EXERCISE GOAL: For the records that follow, restate each one word for word and leave the images behind.

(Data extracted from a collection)

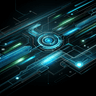 Info Synthesizer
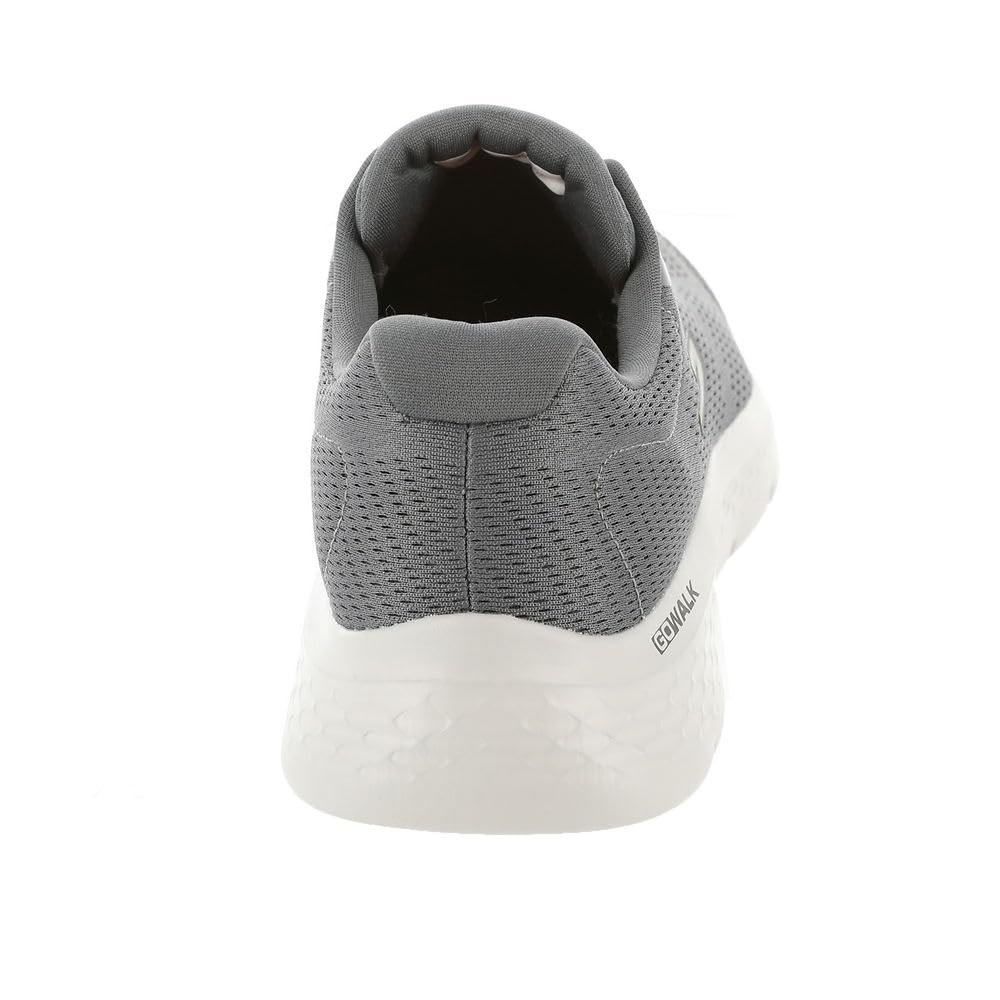 Кроссовки Skechers Go Walk Flex женские, фото №7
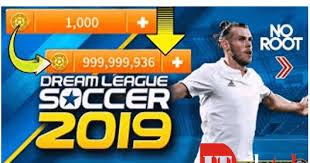 Profile Dat 2020 21 For Dream League Soccer 2020 21 Download Download Hacks Game Download Free Download Games
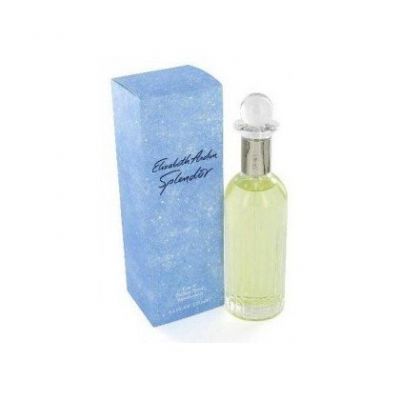 Splendore Edp Vapo 125 Ml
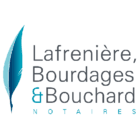 Lafreniere Bourdlages-Bouchard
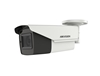 Picture of Kamera IP Hikvision Kamera 4w1 Hikvision DS-2CE19H8T-AIT3ZF(2.7-13.5MM)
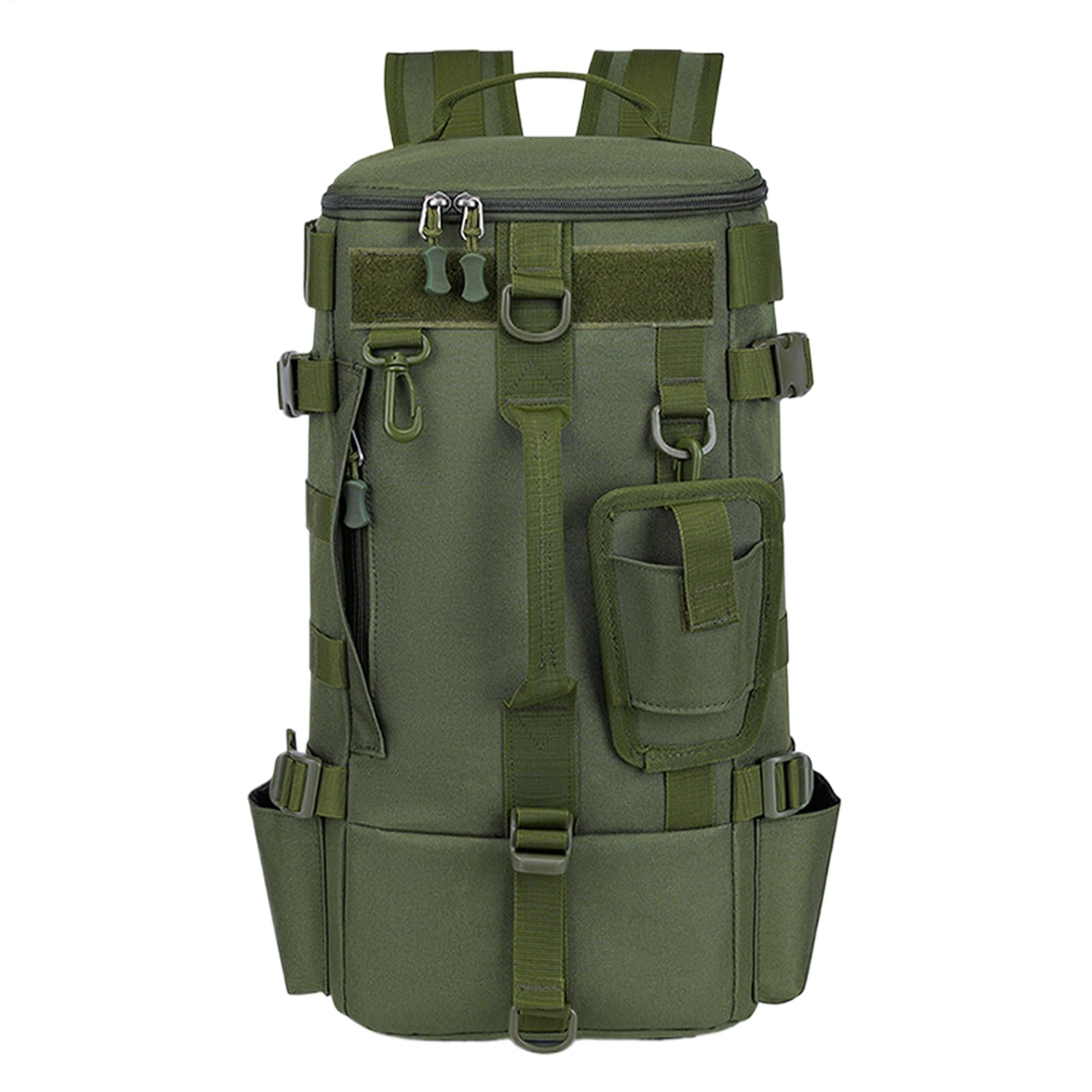 Angelrucksack,Angelrucksack Angelrucksack Tackle Box Organizer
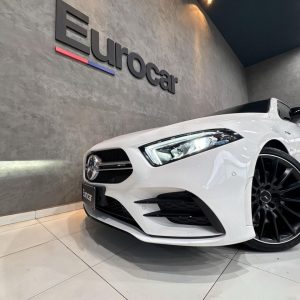 WhatsApp Image 2026-03-11 at 15.27.44 (2)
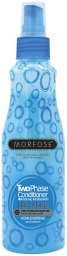 Morfose MORFOSE_Collagen TwoPhase Conditioner odżywka dwufazowa do włosów bez spłukiwania kolagenowa 220ml (8681701008636)
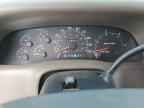 2001 FORD F-250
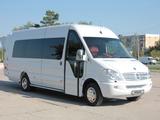 Mercedes-Benz Sprinter 2013 года за 32 000 000 тг. в Костанай – фото 3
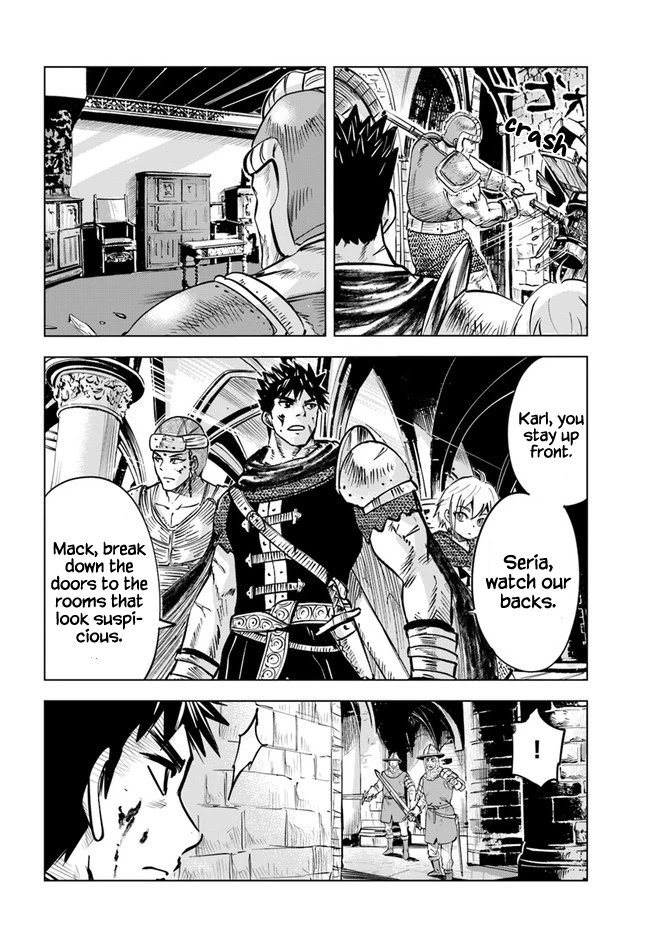 Page 18 of Chapter 28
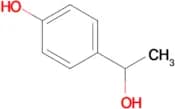 4-(1-Hydroxyethyl)phenol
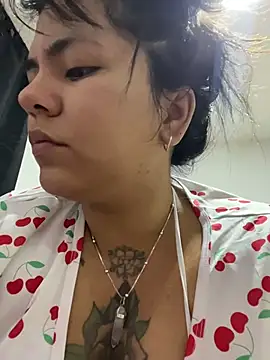 JulianaCastillo online show from 02.05.26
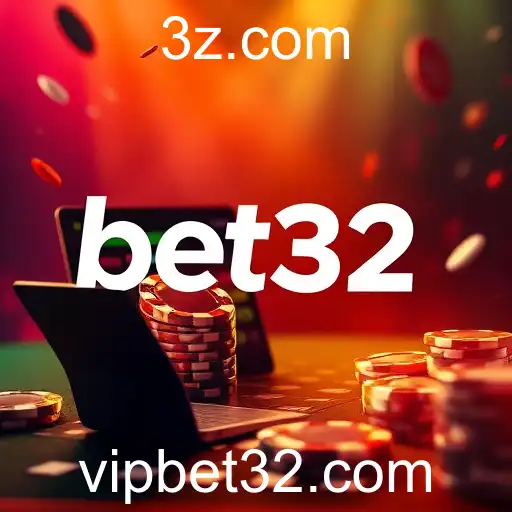 O Boom dos Jogos Online em 2025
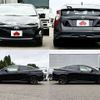 toyota prius 2017 504928-930589 image 3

OUTPUT OF THE TASK:
 Info Synthesizer
 Кроссовки Skechers Go Walk Flex женские, фото №7
 Profile Dat 2020 21 For Dream League Soccer 2020 21 Download Download Hacks Game Download Free Download Games
 Splendore Edp Vapo 125 Ml
 Lafreniere Bourdlages-Bouchard
 Picture of Kamera IP Hikvision Kamera 4w1 Hikvision DS-2CE19H8T-AIT3ZF(2.7-13.5MM)
 Angelrucksack,Angelrucksack Angelrucksack Tackle Box Organizer
 WhatsApp Image 2026-03-11 at 15.27.44 (2)
 Morfose MORFOSE_Collagen TwoPhase Conditioner odżywka dwufazowa do włosów bez spłukiwania kolagenowa 220ml (8681701008636)
 2001 FORD F-250
 Mercedes-Benz Sprinter 2013 года за 32 000 000 тг. в Костанай – фото 3
 Page 18 of Chapter 28
 4-(1-Hydroxyethyl)phenol
 JulianaCastillo online show from 02.05.26
 O Boom dos Jogos Online em 2025
 toyota prius 2017 504928-930589 image 3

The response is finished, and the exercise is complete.